Implementing Conveyor Belts à la Satisfactory with DOTS in Unity


I was curious to see if I could implement belts like in Satisfactory or Factorio with DOTS in a performant manner. In the end, my implementation is highly parallel and works at 60fps for a million items, but let’s start with a deep dive into how both games do it.

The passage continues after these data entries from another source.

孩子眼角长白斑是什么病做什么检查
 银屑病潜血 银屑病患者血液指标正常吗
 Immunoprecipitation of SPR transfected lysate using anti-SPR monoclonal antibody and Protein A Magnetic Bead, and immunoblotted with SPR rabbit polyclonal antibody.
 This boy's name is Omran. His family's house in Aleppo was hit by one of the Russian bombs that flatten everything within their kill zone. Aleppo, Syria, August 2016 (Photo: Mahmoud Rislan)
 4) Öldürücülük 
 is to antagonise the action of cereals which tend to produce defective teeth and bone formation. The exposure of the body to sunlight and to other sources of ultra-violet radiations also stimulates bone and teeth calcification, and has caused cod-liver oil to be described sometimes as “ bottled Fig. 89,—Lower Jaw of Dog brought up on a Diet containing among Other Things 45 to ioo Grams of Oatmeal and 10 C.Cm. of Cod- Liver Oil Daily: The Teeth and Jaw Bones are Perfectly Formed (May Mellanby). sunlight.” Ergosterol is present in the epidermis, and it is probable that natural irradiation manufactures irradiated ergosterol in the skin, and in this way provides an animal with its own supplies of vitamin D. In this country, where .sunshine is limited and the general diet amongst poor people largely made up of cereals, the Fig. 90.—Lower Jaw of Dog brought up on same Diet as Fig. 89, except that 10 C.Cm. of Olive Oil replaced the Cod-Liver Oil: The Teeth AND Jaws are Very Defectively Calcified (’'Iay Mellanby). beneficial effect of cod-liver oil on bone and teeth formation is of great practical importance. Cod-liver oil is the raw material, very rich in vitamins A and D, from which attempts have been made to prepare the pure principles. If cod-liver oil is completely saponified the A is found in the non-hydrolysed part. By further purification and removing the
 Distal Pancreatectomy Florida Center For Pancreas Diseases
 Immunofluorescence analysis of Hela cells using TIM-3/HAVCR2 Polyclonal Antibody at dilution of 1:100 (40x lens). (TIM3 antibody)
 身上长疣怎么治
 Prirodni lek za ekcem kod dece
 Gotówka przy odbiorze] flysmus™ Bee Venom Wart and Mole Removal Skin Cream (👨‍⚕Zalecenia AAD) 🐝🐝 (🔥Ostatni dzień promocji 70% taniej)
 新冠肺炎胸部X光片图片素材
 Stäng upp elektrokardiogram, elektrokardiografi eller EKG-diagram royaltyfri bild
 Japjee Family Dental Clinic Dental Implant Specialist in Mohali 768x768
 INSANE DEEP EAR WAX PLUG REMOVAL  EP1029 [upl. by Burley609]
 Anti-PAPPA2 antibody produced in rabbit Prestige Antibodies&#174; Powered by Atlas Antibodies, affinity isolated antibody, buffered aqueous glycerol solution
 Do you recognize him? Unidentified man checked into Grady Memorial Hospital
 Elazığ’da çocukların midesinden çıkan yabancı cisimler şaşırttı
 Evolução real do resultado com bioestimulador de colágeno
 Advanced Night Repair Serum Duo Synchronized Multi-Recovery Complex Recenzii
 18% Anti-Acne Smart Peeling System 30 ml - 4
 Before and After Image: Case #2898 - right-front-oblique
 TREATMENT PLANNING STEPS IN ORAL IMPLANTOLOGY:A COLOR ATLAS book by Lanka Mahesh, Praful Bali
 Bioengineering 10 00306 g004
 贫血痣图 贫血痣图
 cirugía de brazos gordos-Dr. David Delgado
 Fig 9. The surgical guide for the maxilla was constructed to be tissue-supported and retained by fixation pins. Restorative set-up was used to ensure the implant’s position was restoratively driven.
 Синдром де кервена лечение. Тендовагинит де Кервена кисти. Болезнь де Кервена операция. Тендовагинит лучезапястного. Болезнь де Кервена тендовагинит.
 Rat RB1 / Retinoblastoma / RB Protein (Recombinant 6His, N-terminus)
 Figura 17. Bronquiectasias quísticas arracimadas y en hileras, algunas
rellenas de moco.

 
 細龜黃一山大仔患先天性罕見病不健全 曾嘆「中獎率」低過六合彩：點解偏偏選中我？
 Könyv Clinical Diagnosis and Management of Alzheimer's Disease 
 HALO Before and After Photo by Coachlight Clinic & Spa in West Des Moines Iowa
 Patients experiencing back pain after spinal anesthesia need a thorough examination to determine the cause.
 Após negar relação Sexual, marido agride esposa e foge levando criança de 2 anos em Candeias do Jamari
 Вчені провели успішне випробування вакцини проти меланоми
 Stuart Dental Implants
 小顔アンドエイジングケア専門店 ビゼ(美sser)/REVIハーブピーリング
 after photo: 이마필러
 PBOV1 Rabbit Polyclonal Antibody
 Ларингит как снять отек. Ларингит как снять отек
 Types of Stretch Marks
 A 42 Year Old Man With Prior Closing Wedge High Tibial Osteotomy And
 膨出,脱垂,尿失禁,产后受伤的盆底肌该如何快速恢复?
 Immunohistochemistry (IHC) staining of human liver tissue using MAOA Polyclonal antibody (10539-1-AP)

/posts/dots-burst-satisfactory-belts/loop.gif

Versions used:

  • Unity 2020.2.1f1
  • Entities 0.17.0-preview.41
  • Hybrid Renderer 0.11.0-preview.42
  • Burst 1.5.0
  • URP 10.2.2
  • DOTS Editor 0.12.0-preview.6

Satisfactory and Factorio

Both games might seem similar, but there are a few key differences between their approaches:

  • In Satisfactory, a belt has exactly one entry point and one exit point : it always connect one machine’s exit to another’s entry, including mergers and splitters. A belt has one lane of items

    Credit: Satisfactory Steam page

    Credit: Satisfactory Steam page

  • In Factorio, belts have two lanes of items. A belt can drop its content on another belt without needing any extra machine

    Credit: Factorio wiki

    Credit: Factorio wiki

Given that there are two item lanes, it means only two belts need to be considered at any point for a merge.

If you look closely at the Factorio gif, you’ll notice items get teleported to the destination belt when leaving the source belt, probably because it avoids a bunch of problems - having to reserve a spot on the target belt and freeze items already there while the item would be inserted. Given that Satisfactory always do its merging hidden from view in a merger, they completely sidestepped the issue.

The Satisfactory approach strongly reduces dependencies in terms of processing: each belt between two machines can be processed in parallel. Machines can be processed in parallel. Worst case, there is a frame delay introduced by the machine that can be justified in-game by the fact that the machine itself introduces a delay. That frame delay can probably be avoided by trying to catch up when outputting items.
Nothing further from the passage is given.